Start of Block
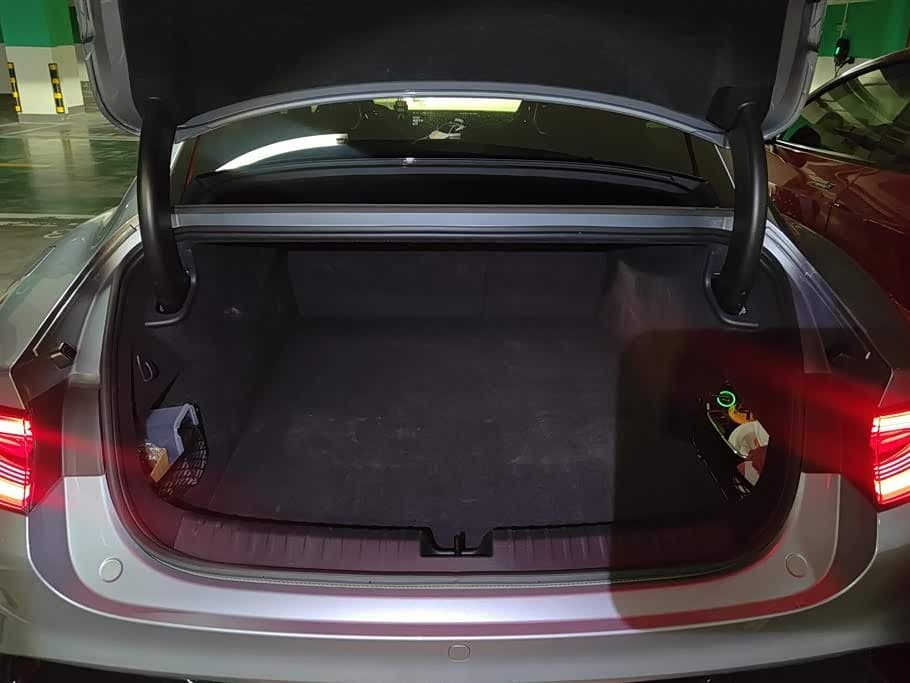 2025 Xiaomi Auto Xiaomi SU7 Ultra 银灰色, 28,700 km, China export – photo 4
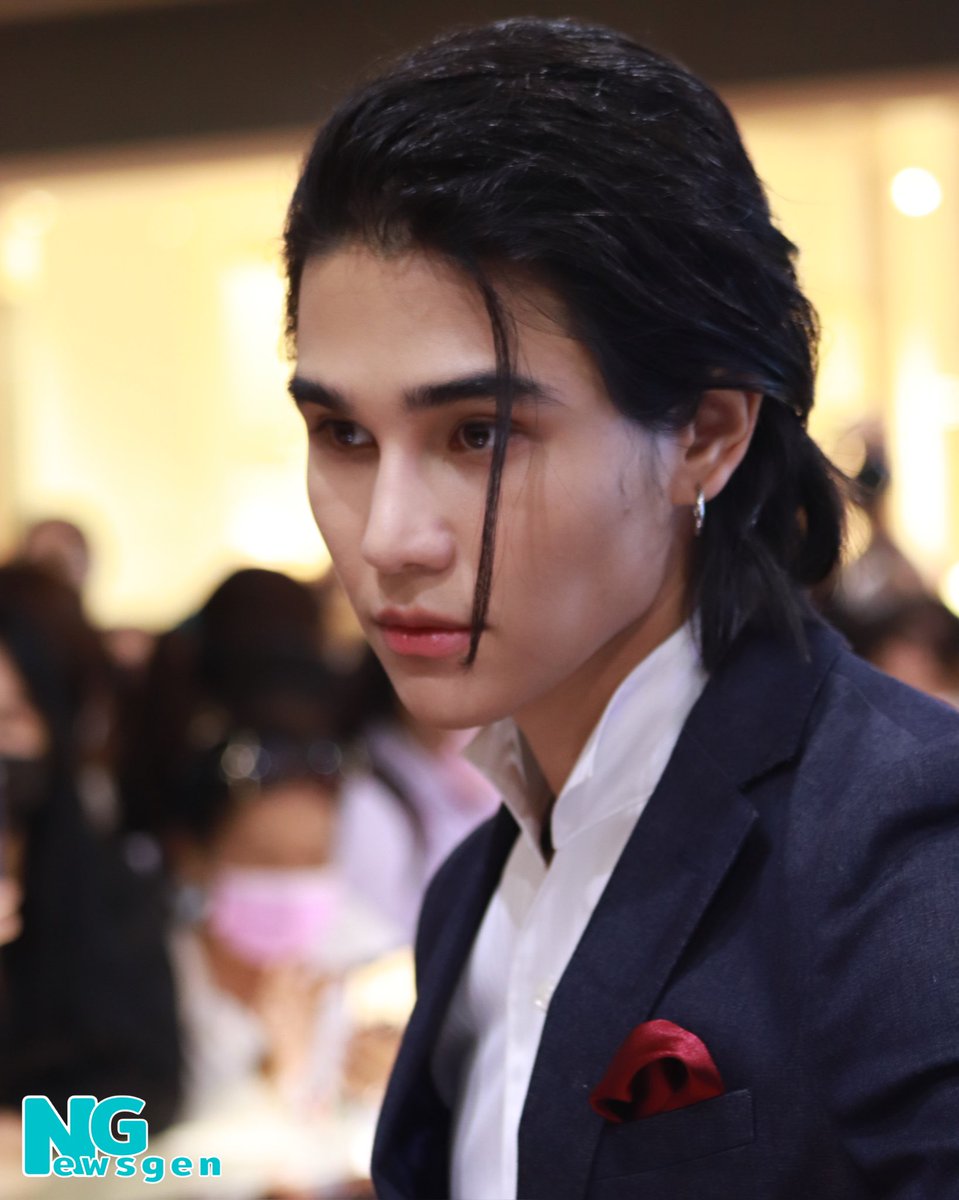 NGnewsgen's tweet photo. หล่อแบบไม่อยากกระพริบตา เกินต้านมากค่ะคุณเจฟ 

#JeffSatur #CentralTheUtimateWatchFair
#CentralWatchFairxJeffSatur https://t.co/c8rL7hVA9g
End of Block
■ **Activity**
Reproduce, exactly and with nothing added, the lines from the one that includes "#JeffSatur #CentralTheUtimateWatchFair" through the last line of the material.

■ **Output for this task**
#JeffSatur #CentralTheUtimateWatchFair
#CentralWatchFairxJeffSatur https://t.co/c8rL7hVA9g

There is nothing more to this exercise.